Allow non-root users to restart the Aegir queue daemon

I can no longer imagine using Aegir regularly without the Hosting Queue Daemon. For those who aren't aware, this was a contrib module (hosting_queue_runner) for the 1.x version of Aegir, but improves the user experience so much that we've moved it into core for the 2.x series.

It's installed by default with the 2.x Debian packages, and the accompanying README does a good job explaining how to install it,. It certainly deserves a handbook page too, though I haven't been able to track one down...

One challenge with it, though, is that it's prone to crashing.
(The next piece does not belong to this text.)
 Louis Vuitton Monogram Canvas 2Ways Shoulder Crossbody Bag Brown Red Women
There are a number of work-arounds for this, including using Supervisord, Puppet or cron to ensure the daemon is running or restarted regularly. We've also made lots of progress recently in improving its resilience, but it can still be crashed by introducing PHP errors into Drush, for example.
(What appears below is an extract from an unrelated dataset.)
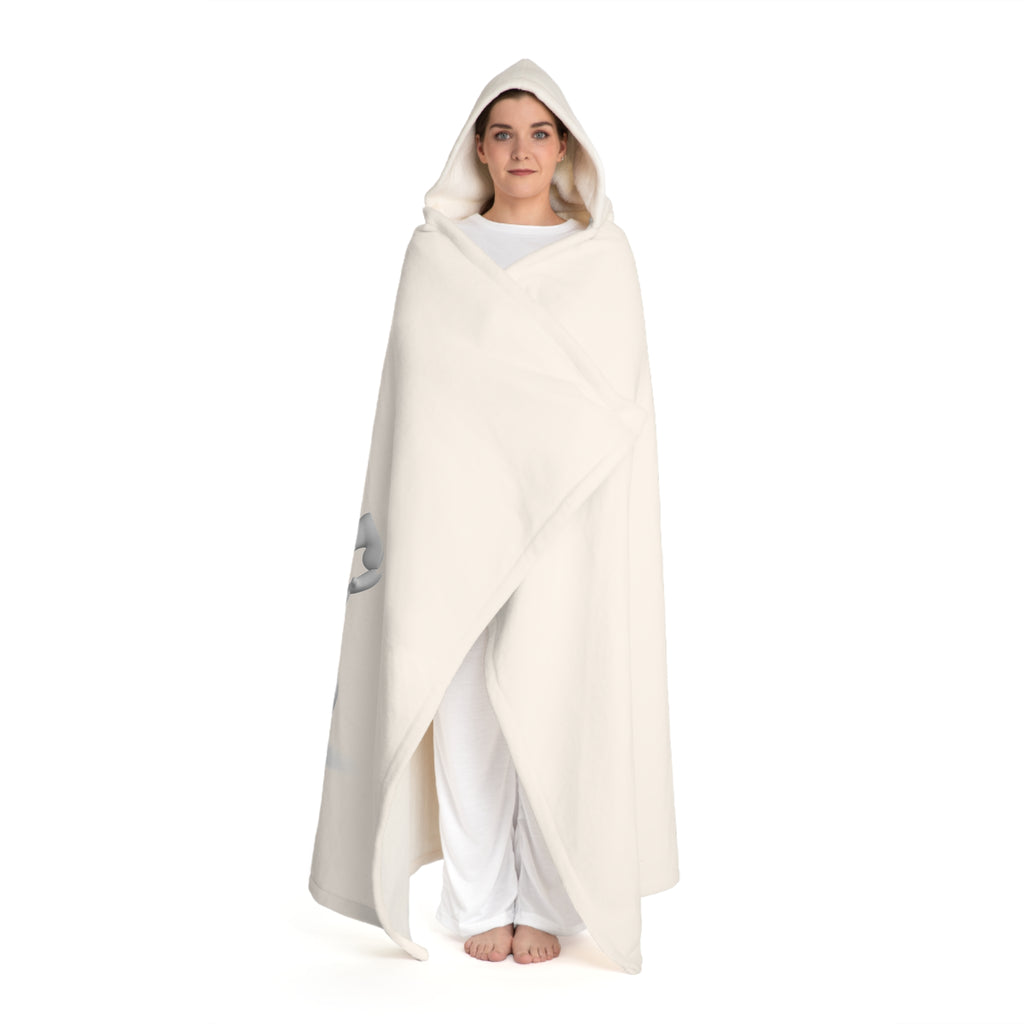 Cream Hooded Sherpa Fleece Blanket | Cozy Gold Letter R With Figure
So, I had a need recently to allow non-root users to restart the queue daemon. These users have access to operate as the 'aegir' user, and so I added an entry in the sudoers file to allow aegir to restart the daemon:

# cat /etc/sudoers.d/queued-aegir
aegir ALL=NOPASSWD: /etc/init.d/hosting-queued

However, when trying to run the command as the aegir user, we get the following error:

$ /etc/init.d/hosting-queued restart
Restarting Aegir queue daemon... /etc/init.d/hosting-queued: 57: kill: Operation not permitted
rm: cannot remove `/var/run/': Permission denied
/etc/init.d/hosting-queued: 47: /etc/init.d/hosting-queued: cannot create /var/run/ Permission denied
su: must be run from a terminal

The problem is just that the aegir user doesn't have write access to /var/run. This stumped me for a while, as the PID file is created and destroyed from this script, but broadening write access to /var/run is a bad idea. The trick is to create a directory under /var/run that aegir will have write access to:

# mkdir /var/run/aegir
chown aegir:aegir /var/run/aegir
chmod 755 /var/run/aegir

Then we need to have the init script use the new directory. This is simply a matter of editing /etc/init.d/hosting-queued:

DAEMON_ARGS="--quiet @hostmaster $NAME" # Arguments to run the daemon with

Now aegir should be able to restart the queue daemon properly:

$ /etc/init.d/hosting-queued restart
Restarting Aegir queue daemon: hosting-queued.